These planets fit somewhere between gas giants and small terrestrial planets in size.
“We don’t even know what to call them,” says Batalha. “Are they scaled-up Earth-sized planets? Are they scaled-down Neptunes? We don’t know.”
Some of these terrestrial planets might have started out as gaseous and lost their atmospheres over time to radiation.
“Could a planet like that be potentially habitable? What are the implications for life?” asks Batalha.
Current methods allow exoplanet researchers to measure things like mass and radius. But JWST will allow scientists to go further and tease apart the chemical makeup of exoplanet atmospheres. The spectrographs aboard JWST help make this possible.
“It is largely going to be collecting light and spreading it out into a rainbow. And then looking in great detail at the amount of energy that we’re receiving at every single individual color,” says Batalha.
She will join her daughter, Natasha Batalha of the NASA Ames Research Center, to collaborate on the largest exoplanet program in the first phase of JWST research.
Other UCSC scientists, including Jonathan Fortney, Andrew Skemer and postdoctoral researcher Aarynn Carter, will lead different types of JWST exoplanet research programs, including direct imaging.

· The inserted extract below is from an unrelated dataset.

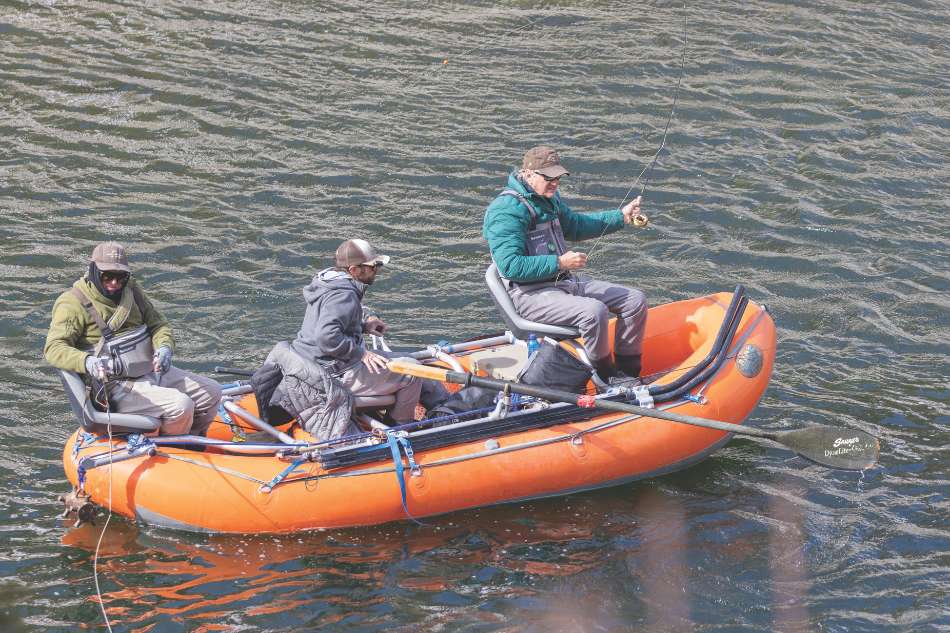 Fishing from a raft Three male anglers fish from an orange raft on the East Fork Wind River Drainaige.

“We’re going to be James Webb exoplanet central here,” Skemer said in a press release.
In the coming years, UCSC scientists and researchers from around the world will change the way we see the universe and our place in it. Engineers designed the instruments with growth in mind.
“It’s quite a feat to achieve these new technological advances while at the same time maintaining flexibility to respond to new scientific discoveries,” says Batalha. “Webb did that beautifully.”
If successful, JWST could create entirely new fields of astronomy.
“We’re going to probably find more questions than answers,” says Illingworth. “But it’s also the case that we will reveal a hell of a lot with James Webb.”